# Task details
Down to the last line, print the data that follows exactly, without its pictures.

# Extracted entries
·····

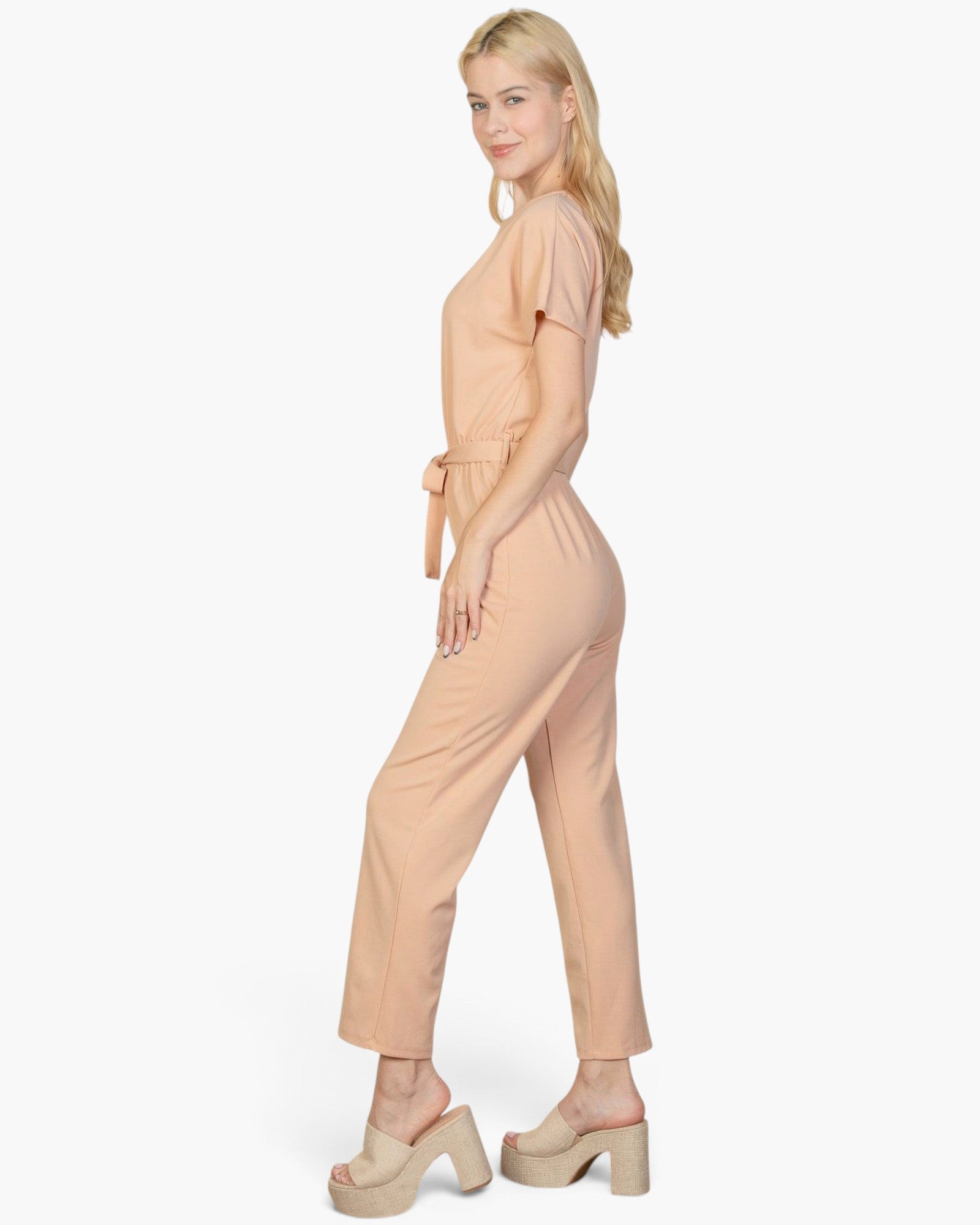 Beach Rose Co. model wearing a khaki tie waist relaxed jumpsuit in soft rib knit fabric, side profile view.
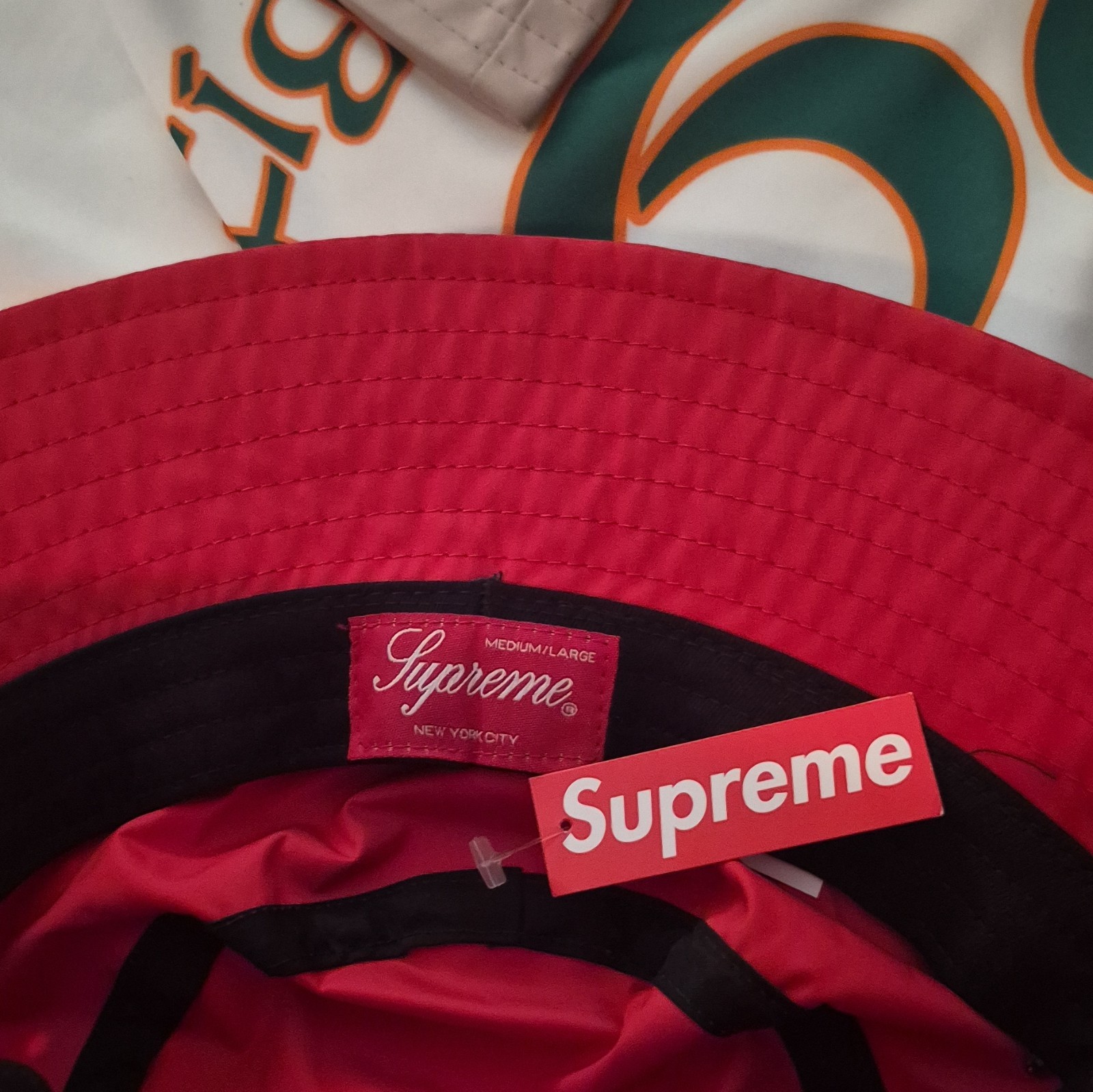 Supreme N.Y.C Red Bucket Hat with Silicone Stripe across crown water resistant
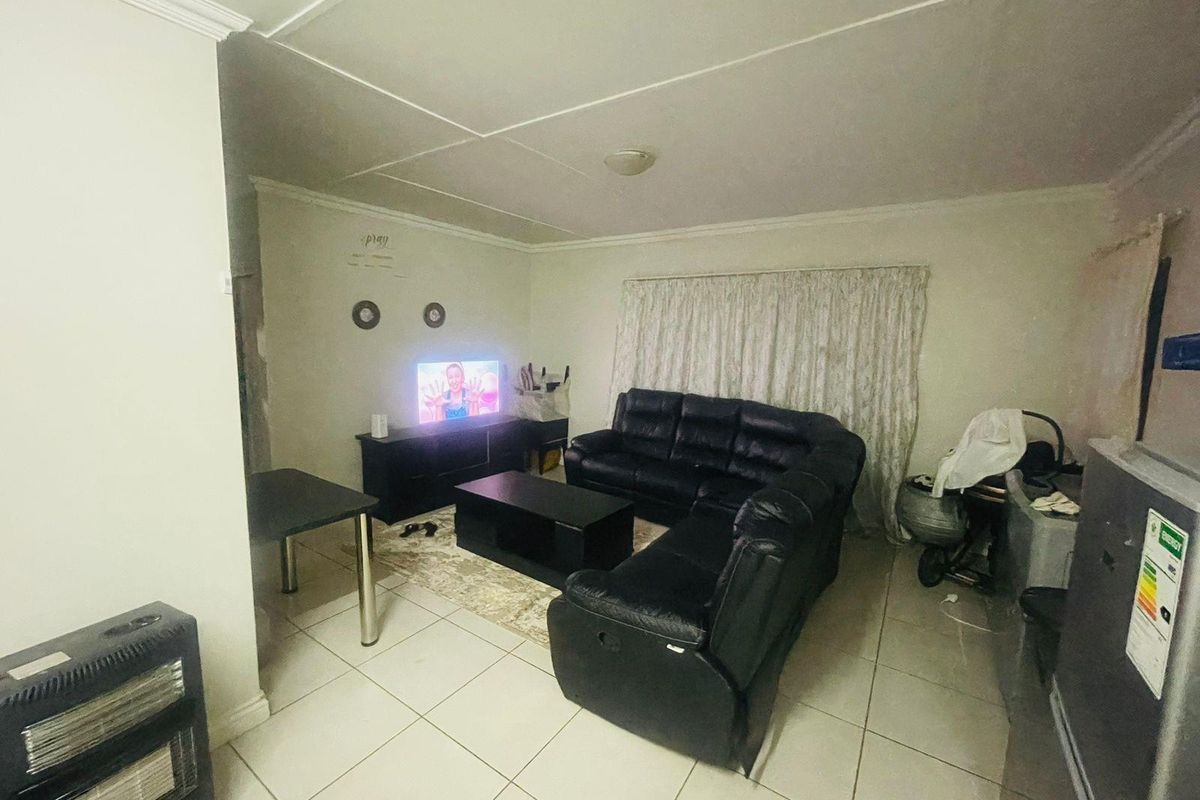 A functional living room featuring tiled flooring and standard ceiling finishes, providing a neutral base for potential interior updates.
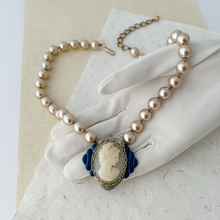 Load image into Gallery viewer, shell cameo necklace on blue and silver coloured frame with champagne coloured pearls displayed on a cream gloved hand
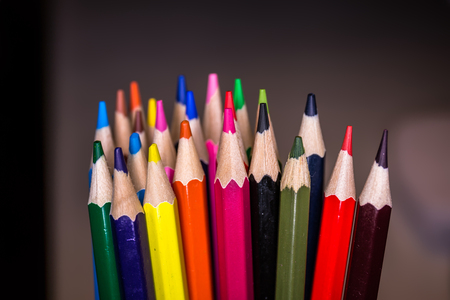 Colorful pencils on black backgroundの写真素材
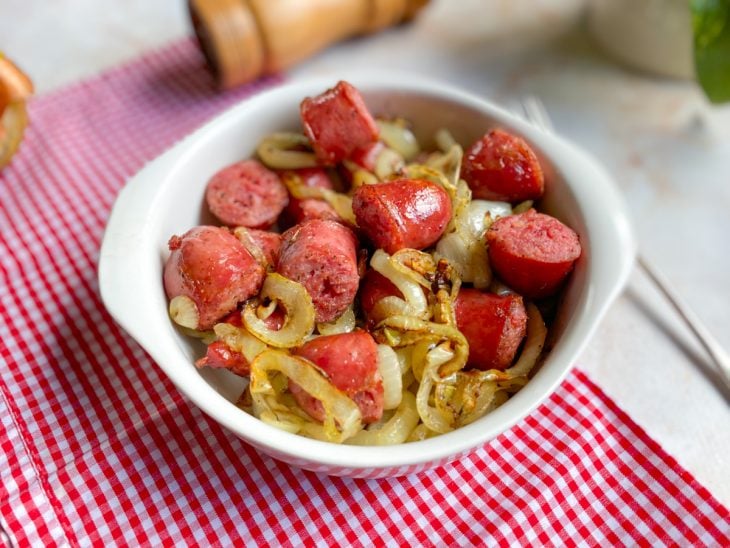 Linguiça toscana acebolada pronta para consumo em uma travessa de porcelana.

·····

# Final answer
 Beach Rose Co. model wearing a khaki tie waist relaxed jumpsuit in soft rib knit fabric, side profile view.
 Supreme N.Y.C Red Bucket Hat with Silicone Stripe across crown water resistant
 A functional living room featuring tiled flooring and standard ceiling finishes, providing a neutral base for potential interior updates.
 Load image into Gallery viewer, shell cameo necklace on blue and silver coloured frame with champagne coloured pearls displayed on a cream gloved hand
 Colorful pencils on black backgroundの写真素材
 Linguiça toscana acebolada pronta para consumo em uma travessa de porcelana.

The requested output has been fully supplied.